Внезапно под черным плащом Грумеля происходит беззвучный взрыв, и лоснящаяся непромокаемая ткань обрушивается на пол. Передом мной – отец. Он трезв, чисто выбрит, аккуратно причесан, на нем новенькая отутюженная военная форма. Сверкают живым золотом звездочки капитанских погон. Таким отца я не видел никогда. Он молчит, не шевелится и буравит меня черными глазами. У него есть
…
Большая комната называется «зал». Не знаю, почему. Зал для меня обычно – школьный спортзал, но он гораздо больше. Большой раздвижной стол, переезжающий с нами из гарнизона в гарнизон, покрыт праздничной белой скатертью. Это – «мамино наследство», доставшееся ей от бабушки. Скатерть вышита вручную крупными алыми цветами. Цветы называются «гладь», потому что они гладкие и очень красивые. Мама учила меня вышивать гладью, но я не научился, потому что всегда получалось криво. Вот крестиком – другое дело. Я умею вышивать крестиком. Одну салфетку мы вышили вместе с мамой, другую – я сам. Потом она куда-то потерялась. Когда пойду в школу, обязательно научусь вышивать гладью. И, может, даже вышью, как бабушка, целую скатерть.

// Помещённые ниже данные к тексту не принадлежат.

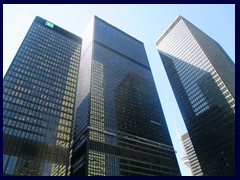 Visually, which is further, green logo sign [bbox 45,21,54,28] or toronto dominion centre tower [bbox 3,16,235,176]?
green logo sign [bbox 45,21,54,28]

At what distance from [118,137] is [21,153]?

Вокруг стола сидят пьяные люди, мужчины и женщины. Женщин я уже видел сегодня утром, это наши соседки снизу. Они завили волосы, надели платья с брошками и ярко накрасили себе губы. Мужчины в военной форме – наверное, их мужья. Они сидят уже долго, поэтому порасстегивали кители, под которыми видны потные белые майки-алкашки. Тяжелые раскрасневшиеся лица, мутные глаза, сигареты тлеют в мокрых губах. Горы окурков напиханы в пепельницы, над головами – едкое непроницаемое облако дыма. Гости о чем-то говорят громкими голосами, женщины визгливо смеются, мужчины гогочут, как гуси. То тут, то там поднимаются руки, опрокидывая в рот рюмки. Пустые водочные бутылки стоят на полу, их много. На столе тоже много бутылок, которые еще непочатые. Второй час ночи, я очень хочу спать, но не могу уснуть из-за криков и табачной вони. Сижу на кровати и листаю какую-то книгу с картинками. Встаю, хожу в туалет, на кухню. Мама убирает со стола, вытряхивает пепельницы в помойное ведро, приносит чистые тарелки. Она совсем не пьет.

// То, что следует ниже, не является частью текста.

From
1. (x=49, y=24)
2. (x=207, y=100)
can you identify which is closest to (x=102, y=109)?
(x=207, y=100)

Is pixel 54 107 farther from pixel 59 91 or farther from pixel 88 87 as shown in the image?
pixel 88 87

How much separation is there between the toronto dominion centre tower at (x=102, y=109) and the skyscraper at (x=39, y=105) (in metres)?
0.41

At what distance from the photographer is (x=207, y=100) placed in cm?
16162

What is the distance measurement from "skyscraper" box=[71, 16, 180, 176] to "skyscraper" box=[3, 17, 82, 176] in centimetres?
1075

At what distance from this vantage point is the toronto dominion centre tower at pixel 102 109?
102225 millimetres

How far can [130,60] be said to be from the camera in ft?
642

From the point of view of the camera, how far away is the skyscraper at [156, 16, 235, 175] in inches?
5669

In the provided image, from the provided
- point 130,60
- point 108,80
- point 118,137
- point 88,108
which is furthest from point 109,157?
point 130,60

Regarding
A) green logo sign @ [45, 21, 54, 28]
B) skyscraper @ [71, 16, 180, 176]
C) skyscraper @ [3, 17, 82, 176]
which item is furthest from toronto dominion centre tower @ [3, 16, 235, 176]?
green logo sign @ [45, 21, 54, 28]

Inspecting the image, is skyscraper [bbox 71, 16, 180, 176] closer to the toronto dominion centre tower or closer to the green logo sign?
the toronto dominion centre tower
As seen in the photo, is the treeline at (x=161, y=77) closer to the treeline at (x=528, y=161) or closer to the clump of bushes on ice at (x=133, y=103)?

Отец, покачиваясь, встает, поднимает рюмку. Слипшиеся волосы на лбу, стеклянные слепые глаза, майка в пятнах.
– Ну, т-товарищи… новую квартиру мы, значит, достойно обмыли. Теперь позвольте сказать т-тост… Мы, защитники нашей с-страны, обязаны ее… ее з-защитить… ес-сли что. В-враг… с-совсем близко. Вот. Если не мы, то к-кто… кто защитит? Наши, б-бля… нивы и поля… я вас спрашиваю: кто? Мы… ес-сли надо… мы жахнем, да? Если надо будет… Правильно я говорю?
– Правильно, – отвечают ему женские и мужские голоса.

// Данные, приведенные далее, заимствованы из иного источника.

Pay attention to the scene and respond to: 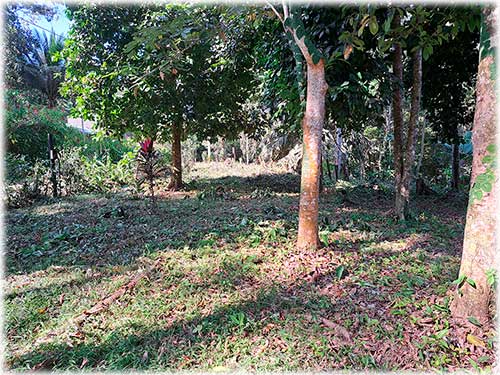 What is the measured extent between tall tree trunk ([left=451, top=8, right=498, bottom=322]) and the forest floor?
0.78ft

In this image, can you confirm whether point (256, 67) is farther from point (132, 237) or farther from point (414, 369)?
point (414, 369)

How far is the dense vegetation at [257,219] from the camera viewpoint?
1.99 m

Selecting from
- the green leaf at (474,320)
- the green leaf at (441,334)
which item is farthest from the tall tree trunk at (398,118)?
the green leaf at (441,334)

– Но сс-начала… жахнем еще по одной. Оп-па! – он ловко опрокидывает в заросший черной щетиной рот рюмку. – Хорошо пошла.
Отец опускается на стул, ставит рюмку и заталкивает в рот большой кусок розовой вареной колбасы.
– Ты мужик, товарищ капитан, – говорит ему, надсадно жуя пучок кислой капусты, круглолицый человек с маленькими толстыми ушами. – Предлагаю выпить за мужиков!
– За мужиков уже пили, давайте за женщин, – требует худая и длинноносая, как цапля. – За женщин!
– Не-ее, товарищи, – доносится сквозь слоящийся дым голос отца. – Есть другое предложение. Надо выпить за детей. За наше б-будущее… Которые завтра в-встанут на страже Родины… вместо нас. Если мы не ж-жахнем, жахнут они. Марик, иди сюда.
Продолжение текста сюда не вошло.